SAS: Red Notice (also known as SAS: Rise of the Black Swan) is a 2021 British action thriller film directed by Magnus Martens, based on the novel of the same name by Andy McNab, and starring Sam Heughan, Ruby Rose, Andy Serkis, Hannah John-Kamen, Tom Hopper, Noel Clarke, Owain Yeoman, Ray Panthaki, Anne Reid and Tom Wilkinson in his final film role before his death in December 2023. Sky Cinema released SAS: Red Notice in the United Kingdom on 12 March 2021.

==Plot==
Black Swans is a family-owned private military company led by American citizens William Lewis and his adult children Grace and Oliver. SAS commander George Clements hires them to clear a remote village in Georgia for a transnational Britgaz gas pipeline.

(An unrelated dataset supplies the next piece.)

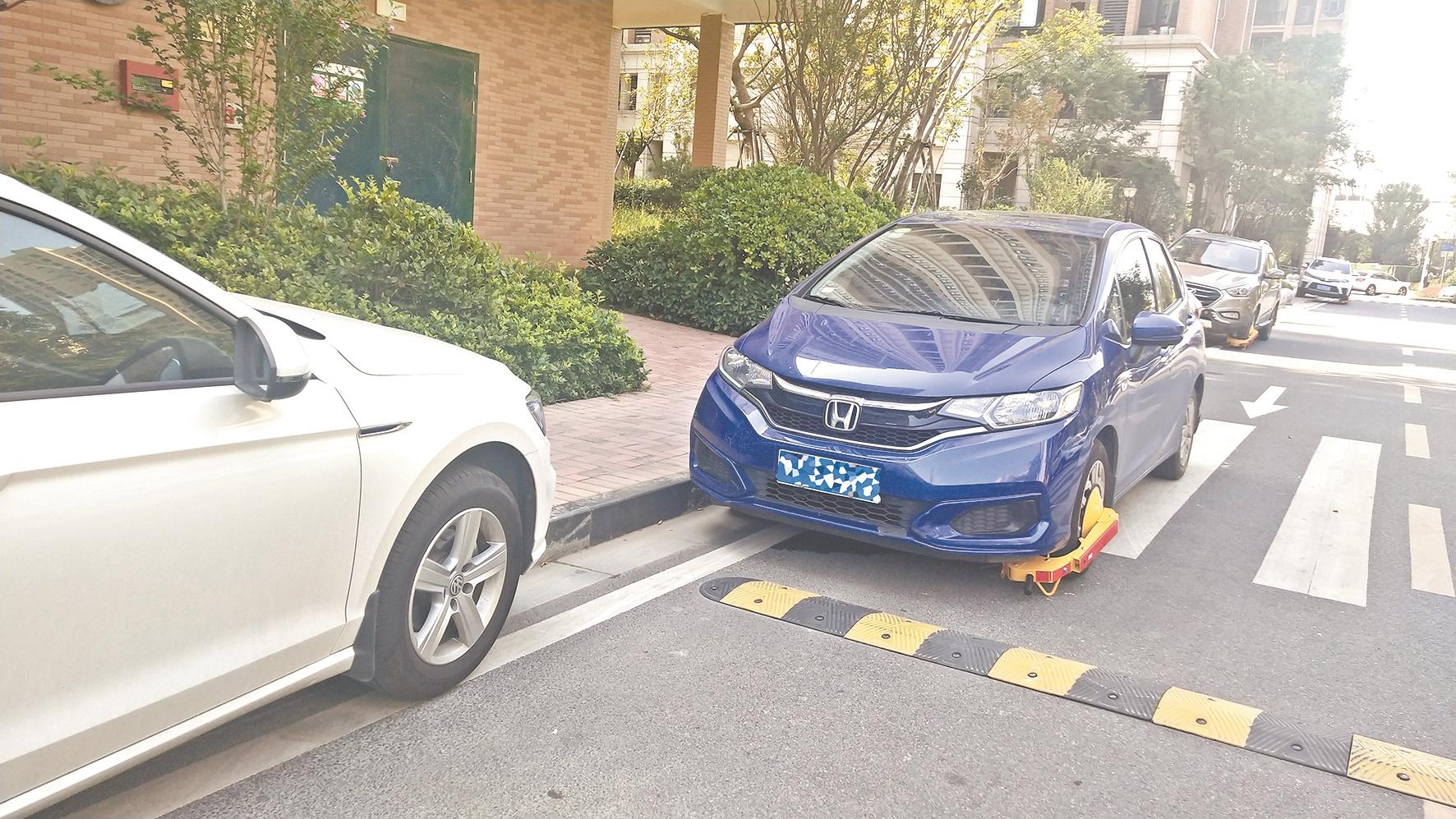 业主车辆频繁被锁小区物业之举引来质疑_湖北频道_凤凰网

When the villagers resist, Black Swans massacre them. Their atrocities are secretly filmed, leading to red notices and accusations of crimes against humanity. The International Criminal Court demands that the UK government extradite the accused, who live in North London, to the Hague to stand trial. Prime Minister Atwood secretly orders Clements to kill rather than arrest William on the scene to cover up his involvement. William orders his children and the rest of the team to escape to the United States while he and some of his loyal men stall the SAS.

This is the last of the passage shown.